His Own Steam: The Work of Barry Brickell

It’s a thick and heavy, substantial tome, good paper, layout design and high production values with ample white space. As soon as it’s in your hands you know it’s something that must be returned to time and again.

It is centred upon Barry the potter with less about his murals or his railway building or ecological projects. Although they are mentioned and the first two have their own books anyway. It is about Barry the artist and one of the Peter Pan figures of New Zealand art and culture – as David Craig says… lost boys who never grow up but remain innocent, oppositional, primitive and iconoclastic all their lives – Potiki figures, symbolising mischief, arrested innocence, and a kind of magic that is at potent odds with authority and orthodoxy.

There is an engagingly narrative foreword by Hamish Keith, a useful chronology and four fine essays – three by David Craig tackling and elaborating on various aspects of BB’s life, work and career, and one by Gregory O’Brien around his contemporaries. The writing is fine indeed, one could say superb and the best I have seen in any book yet about a  potter in New Zealand – it catches the man and his times and embraces the work – not a recipe or a cliche in sight. They are not presented here as lengthy essays but intelligently broken up into short textual pieces that are aptly framed by images.

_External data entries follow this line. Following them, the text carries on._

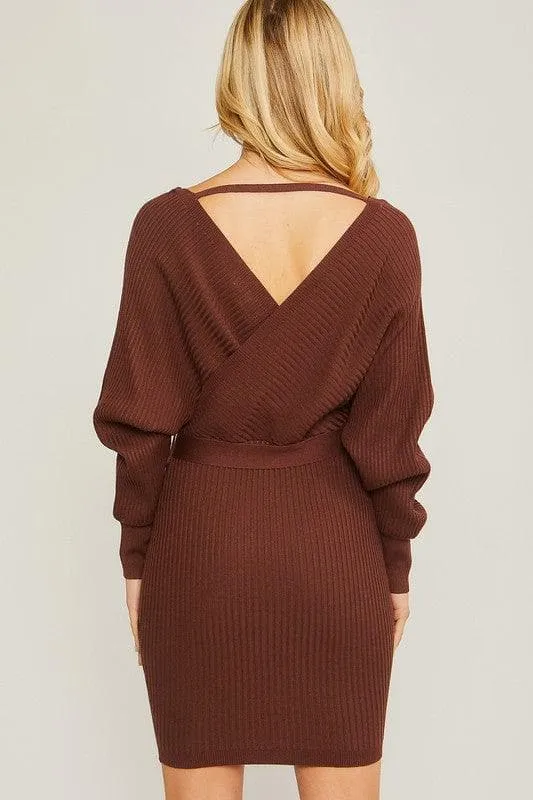 LOVE TREE Off Shoulder Wrap Belted Ribbed Knit Dress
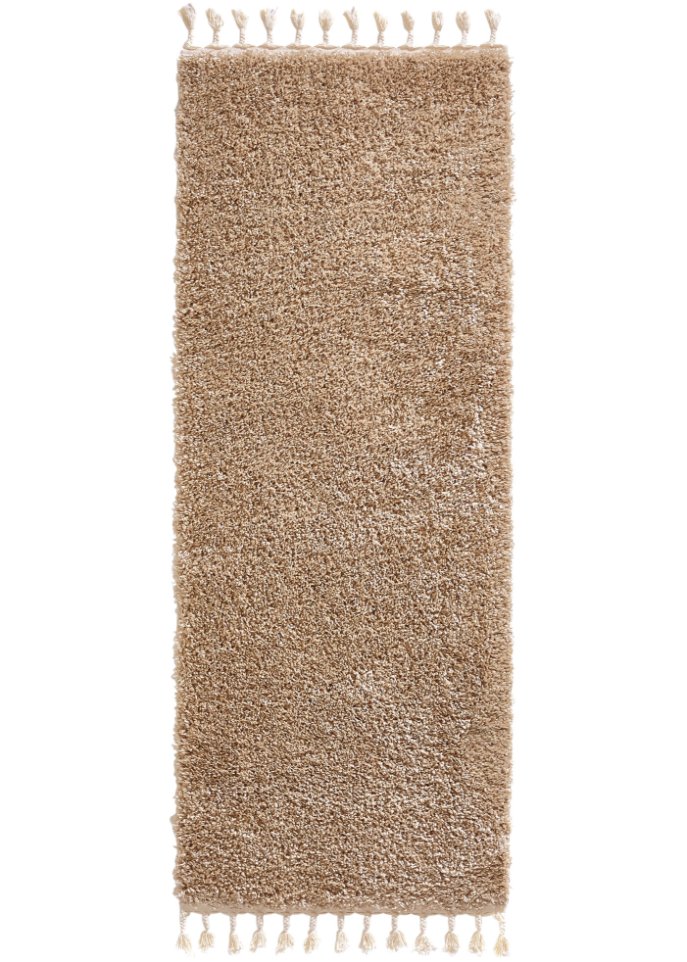 Hochflor Teppich mit Fransen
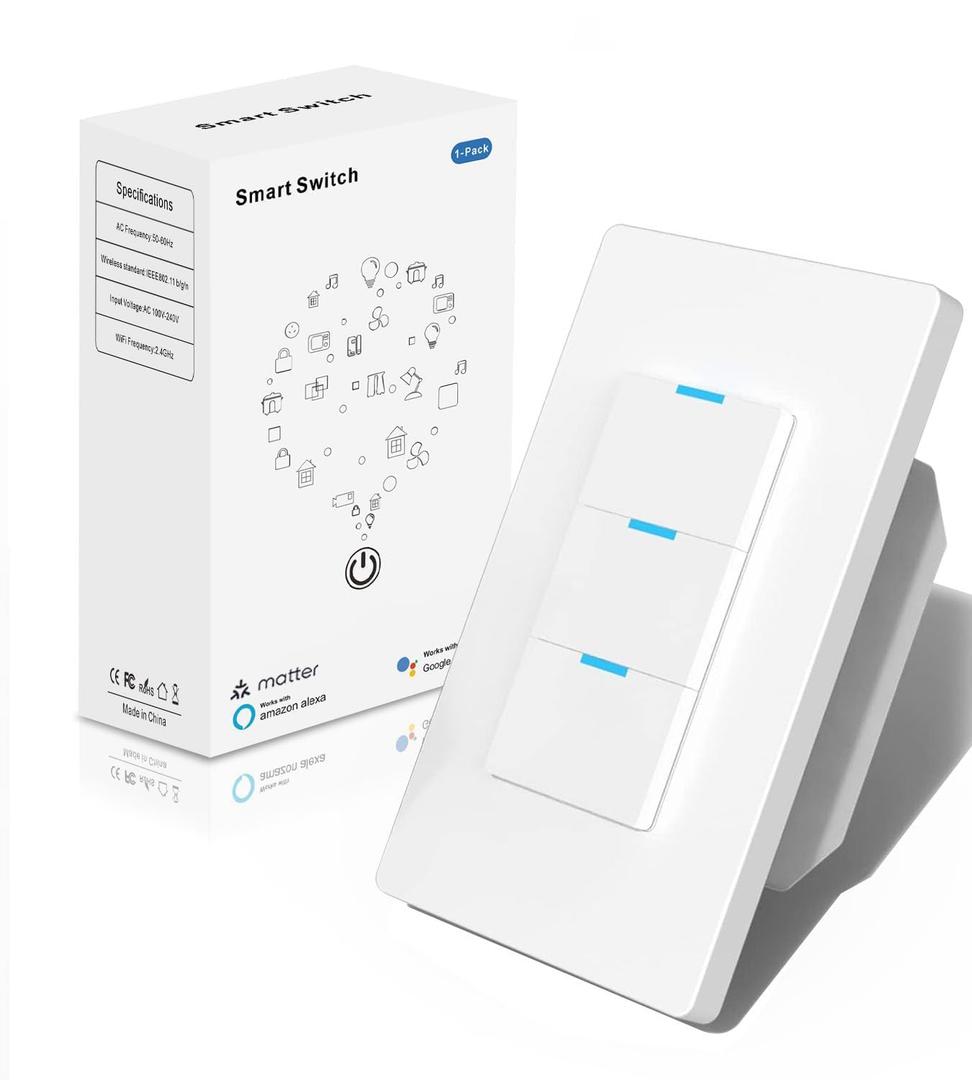 Tuya Matter Smart Switch Triple 3-Gang - Tuya WiFi & Bluetooth - Compatible Apple Home/Siri, Alexa, Google Home - Needs Neutral - 10A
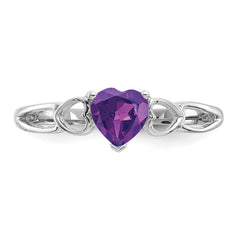 10k White Gold Polished Genuine Amethyst Birthstone Ring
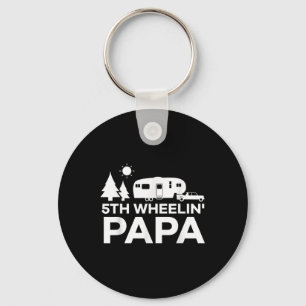 Papa Camping 5th Wheel Camper Rv Vacation Gift Keychain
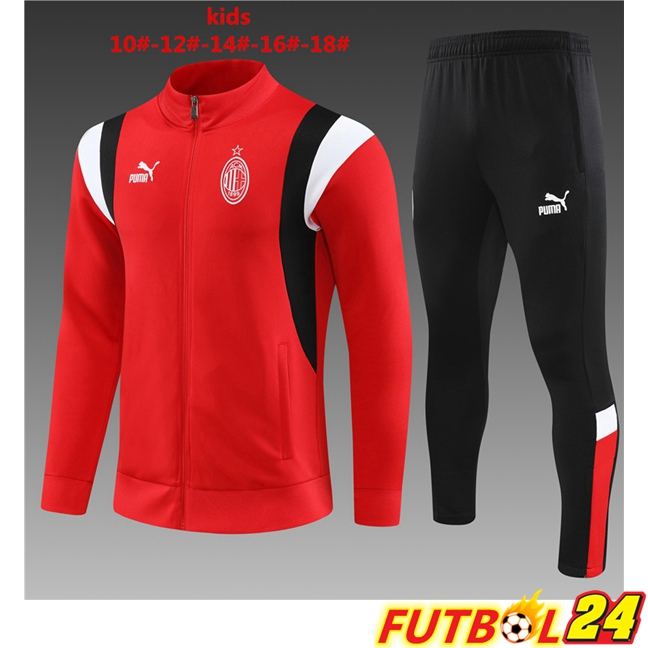 Chandal Equipos De Futbol - Chaqueta AC Milan Ninos Rojo 2023/2024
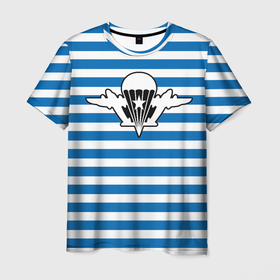 Мужская футболка 3D с принтом тельняшка синяя   логотип вдв в Екатеринбурге, 100% полиэфир | прямой крой, круглый вырез горловины, длина до линии бедер | Тематика изображения на принте: 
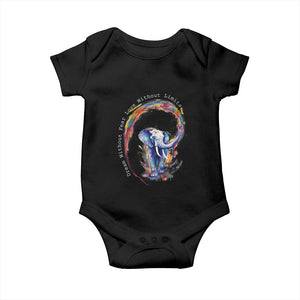 LGBTQ Ally Baby Onesie Dream Without Fear Love Without Limits Rainbow Watercolor Elephant TS09 Black Print Your Wear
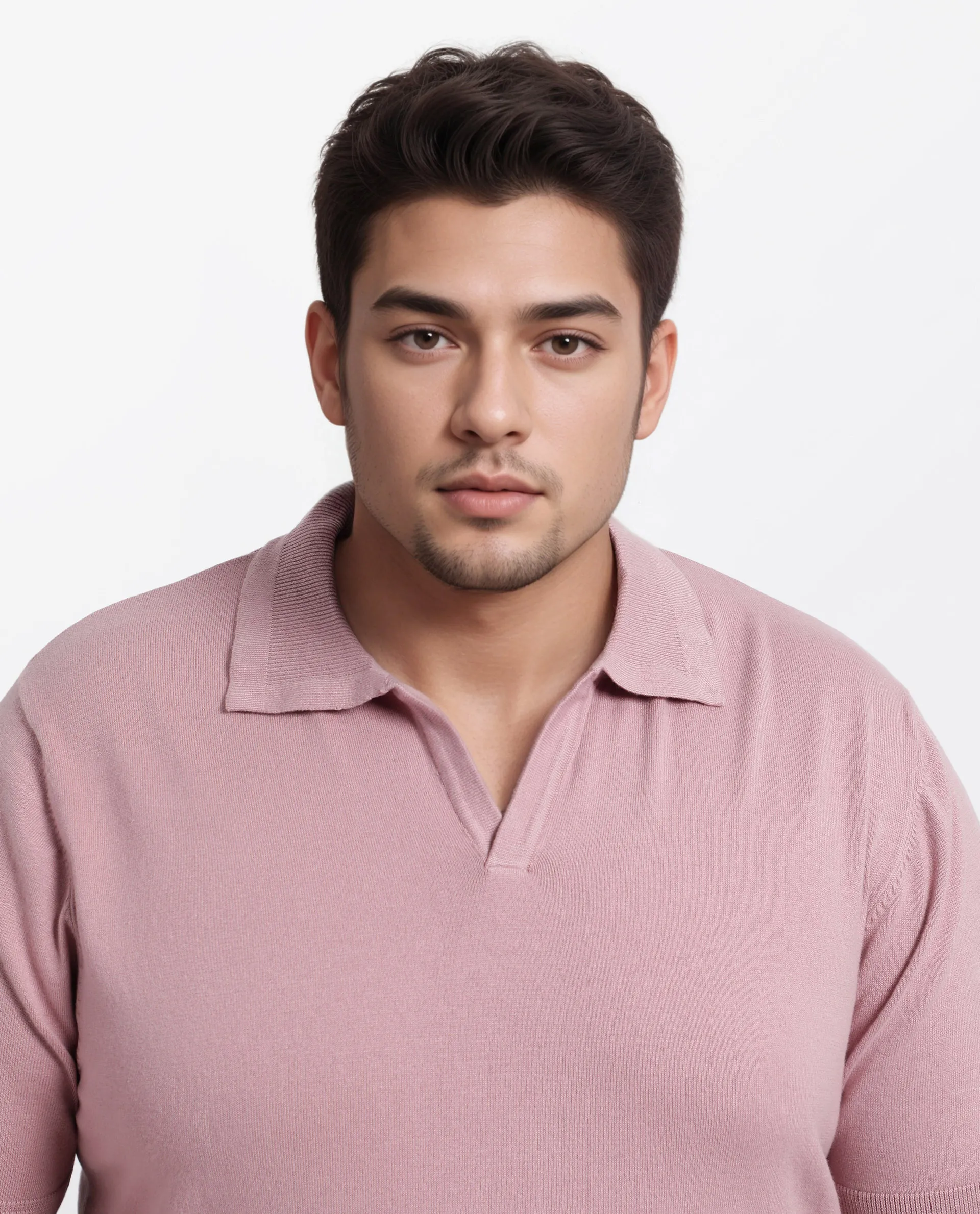 Rare Rabbit Men's Teny-L Dusky Pink Cotton Blend Plain Plus Size Half Sleeve Polo - Image 3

And what images! A few we have seen before but they are necessary in a book such as this. Grand historic images taken by visiting photographers like Gil Hanly, Robin Morrison, or Steve Rumsey are used as well as those specially made for the book by Haru Sameshima. Some images bear importance from first glance while others, seemingly inconsequential, edge their content forward over repeated viewing. Sometimes there is a grand ceramic overview, sometimes a full-page single work glowing richly with salt and other times clustered and cluttered on some shelf alongside those bits of detritis from daily living – all places where pots are known to gather. Clearly a mountain of work has gone into sourcing and processing them.

There is the odd familiar face here and there throughout the book and a number of unfamiliar ones – part of the passing parade that has journeyed through Driving Creek over the years on their own paths to somewhere and doubtless energised by contact with a singular vision created on his own terms and under his own steam (pardon the pun).

If one were to have a teensy carp it is the occasional cropping of a full image of a work – most notably that on the cover. The good news is that this is a dust jacket which in the end may meet the fate of many dust jackets and fall off because of repeat viewings and beneath that, on front and back hard covers are a dozen delightful images collaged together – historical and contemporary – depicting more of the life and times at Driving Creek.

Those are my immediate thoughts on having an advance copy delivered to my door. I have not done more than scan and read excerpts so far… It is worthy of, and will get, full attention very soon. It is published by Auckland University Press.